In this paper, we address the new user problem by introducing several extensions to the basic matrix factorisation algorithm, which take user attributes into account when generating rating predictions. We consider both demographic attributes, explicitly supplied by users, and attributes inferred from user-generated texts. Our results show that employing our text-based user attributes yields personalised rating predictions that are more accurate than our baselines, while not requiring users to explicitly supply any information about themselves and their preferences.
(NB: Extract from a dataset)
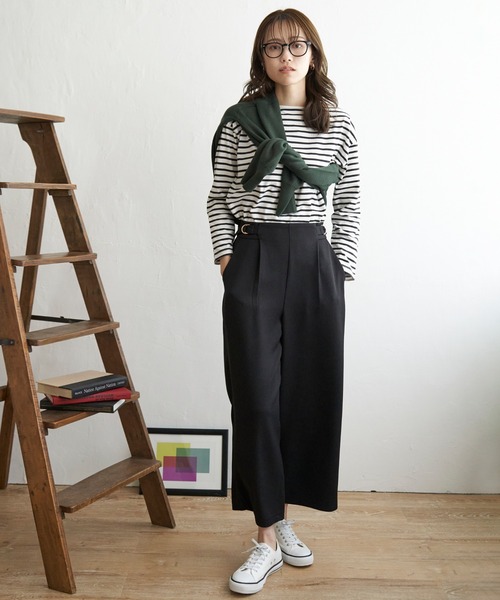 ikka(イッカ)の「サイドベルトワイドパンツ(その他パンツ・レディース・ブラック/その他1/ベージュ・M/S/L)」の4枚目の写真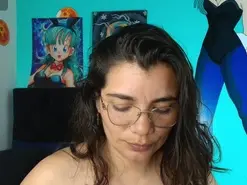 Amateur Live Porn of bulma_hott_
(2) The problem of authorship attribution – attributing texts to their original authors – has been an active research area since the end of the 19th century, attracting increased interest in the last decade. Most of the work on authorship attribution focuses on scenarios with only a few candidate authors, but recently considered cases with tens to thousands of candidate authors were found to be much more challenging. In this paper, we propose ways of employing Latent Dirichlet Allocation in authorship attribution. We show that our approach yields state-of-the-art performance for both a few and many candidate authors, in cases where these authors wrote enough texts to be modelled effectively.

June 2011

  • Monday, 06 June 2011, 1-2pm (Room 115/63)
Host: Chang Joo Yun (River)
Title: "Intelligent Multi-Criteria Decision Making Models for Supply Chain Management"
Abstract: 
This study develops a methodological framework, which has two steps to select the supplier group and choose the suitable suppliers in the selected group based on the strategic and operational criteria, using the customer order dependent weighting method and the MCDM model. An empirical study on an auto parts manufacturing company is conducted to demonstrate the effectiveness of the model. The strategic criteria can be identified by considering the relationship between the auto parts company, its customers and suppliers, the strategic plan of the company for supplier development, the characteristics of Daegu, and the breakeven criteria. A customer order dependent weighting method is developed to determine the weights of the the supplier selection criteria. This is achieved by modeling the relationship between the customer order factors and the supplier selection criteria, using a knowledge base with if-then rules. With the elicited selection criteria weights, an MCDM model is used to select among suitable suppliers for a given customer order. More effective decision making can be achieved by identifying the relationship between the customer order factors and the supplier selection criteria. The structured two-step approach will enable the supplier development and the customer-supplier relationship enhancement of the auto parts company.

  • Wednesday, 22 June 2011, 1-2pm (Room 115/63)
Host: Dhananjay Thiruvady (DJ)
Title: "Car Sequencing with Constraint-Based ACO"
Abstract:
Hybrid methods for solving combinatorial optimization problems have become increasingly popular recently. This study is concerned with hybrids of ant colony optimization and constraint programming which are typically useful for problems with hard constraints. However, the original algorithm suffered from large CPU time requirements. It was shown that this integration can be made efficient via a further hybridization with beam search resulting in CP-Beam-ACO. The original work suggested this in the context of job scheduling. We show here that this algorithm type is also effective on another problem class, namely car sequencing. We consider an optimization version, where we aim to optimize the utilization rates across the sequence. Car sequencing is notoriously difficult problem, because it is difficult to obtain good bounds via relaxations. We show that stochastic sampling provides superior results to well known lower bounds for this problem when combined with CP-Beam-ACO.